*WHAT IS EXPECTED*: Exactly as written, return every line of the data below apart from the pictures.

[Short web captions]
--- START ---

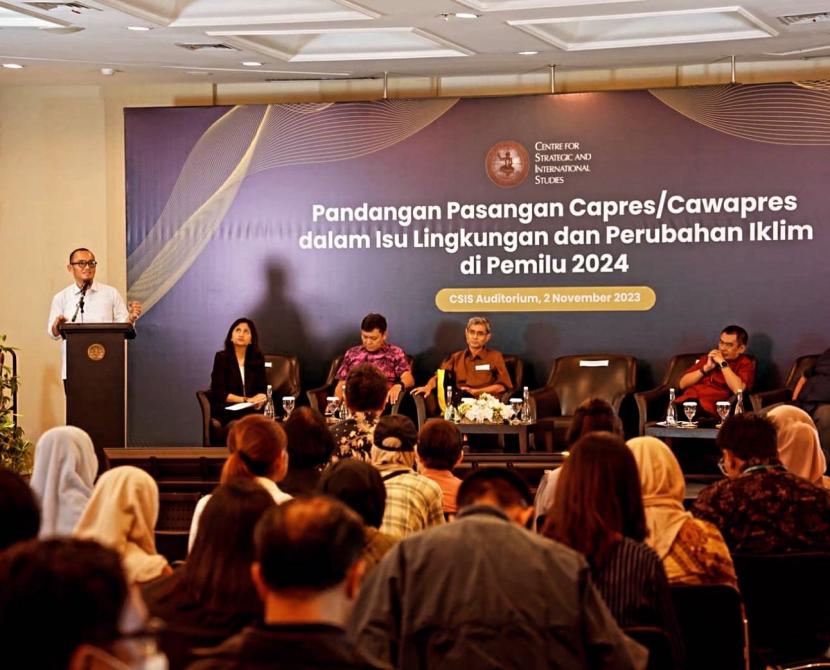 Juru bicara pasangan Prabowo-Gibran, Dahnil Anzar Simanjuntak saling serang dengan jubir Anies-Muhaimin, Surya Tjandra di acara CSIS, Jakarta Pusat, Kamis (2/10/2023).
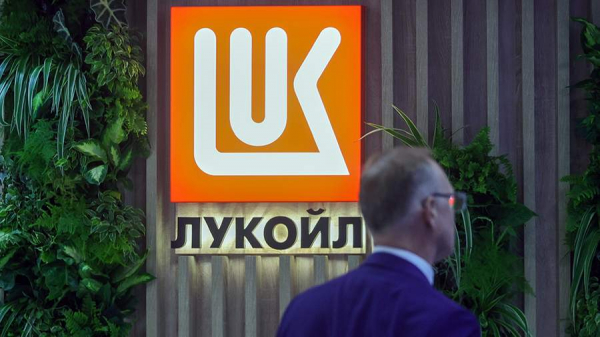 
                    Песков заявил о необходимости учитывать интересы &laquo;Лукойла&raquo; при сделке с Carlyle

        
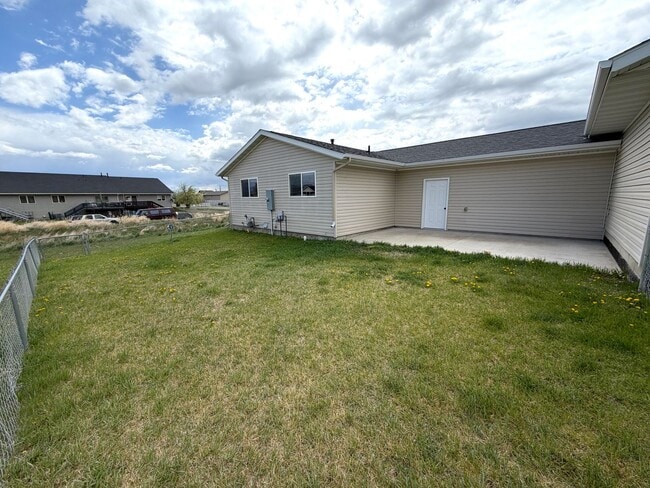 Building Photo - 7917 Quail Dr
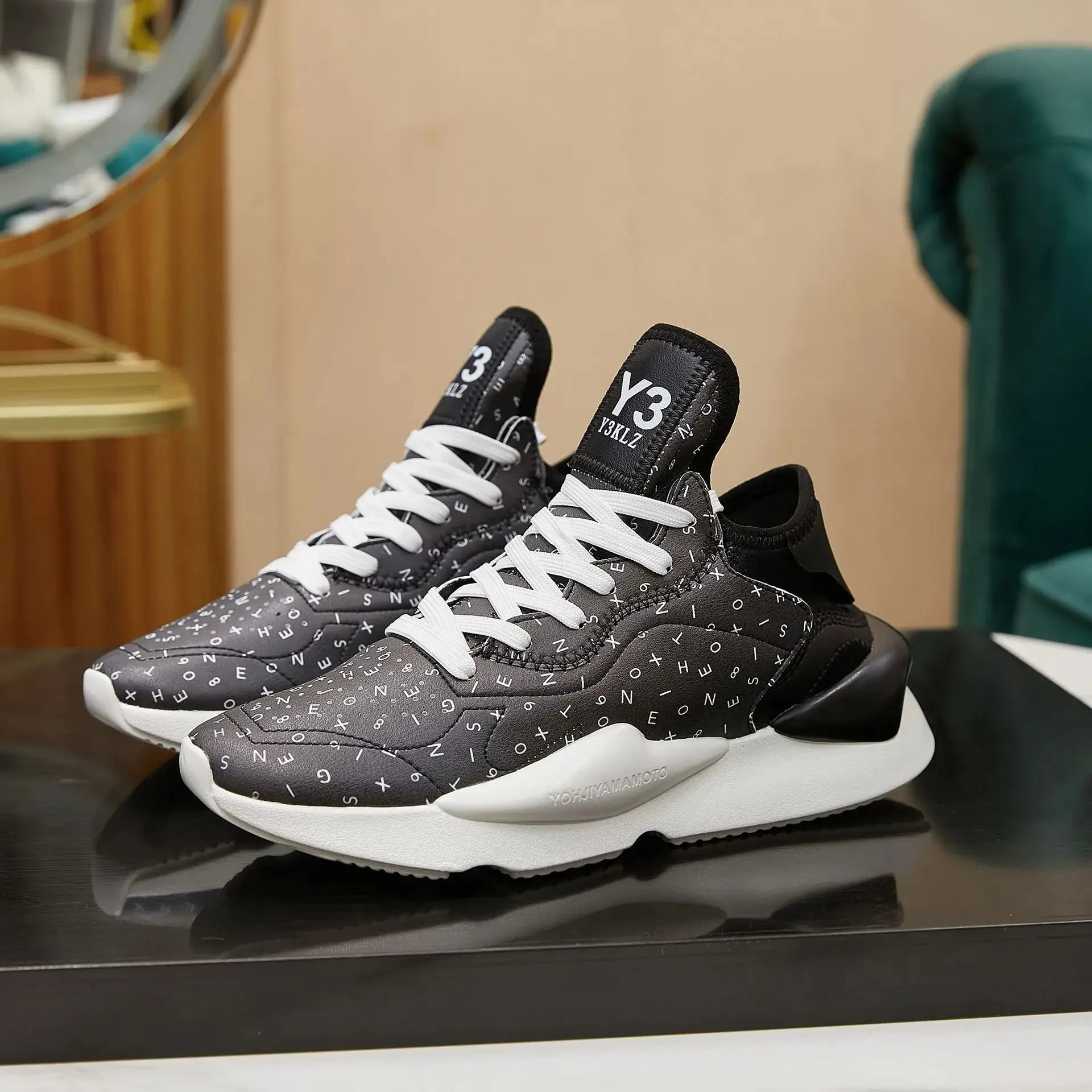 Chaussures luxe chic haute couture Y3 - 2025 / 2025New Sneakers Luxury Brands fashion leisure men and women shoes leather sports running shoes KGDB Y3 lovers Designer shoes NY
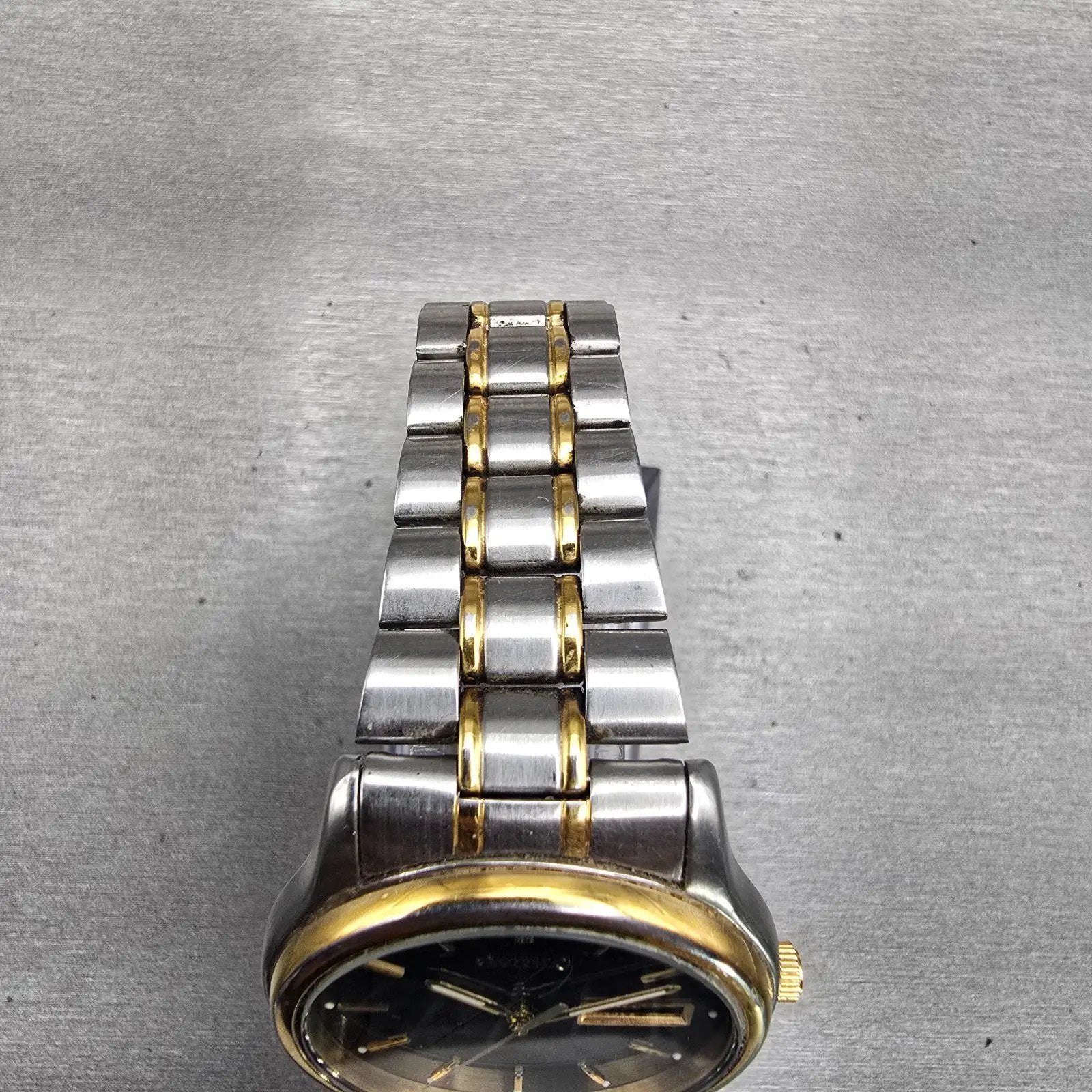 Seiko Sports 50 Watch Men 37mm Black Dial Two Tone Daydate 7N43-9A00 New Battery4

--- END ---

*EXERCISE SOLUTION*:
 Juru bicara pasangan Prabowo-Gibran, Dahnil Anzar Simanjuntak saling serang dengan jubir Anies-Muhaimin, Surya Tjandra di acara CSIS, Jakarta Pusat, Kamis (2/10/2023).
                    Песков заявил о необходимости учитывать интересы &laquo;Лукойла&raquo; при сделке с Carlyle

        
 Building Photo - 7917 Quail Dr
 Chaussures luxe chic haute couture Y3 - 2025 / 2025New Sneakers Luxury Brands fashion leisure men and women shoes leather sports running shoes KGDB Y3 lovers Designer shoes NY
 Seiko Sports 50 Watch Men 37mm Black Dial Two Tone Daydate 7N43-9A00 New Battery4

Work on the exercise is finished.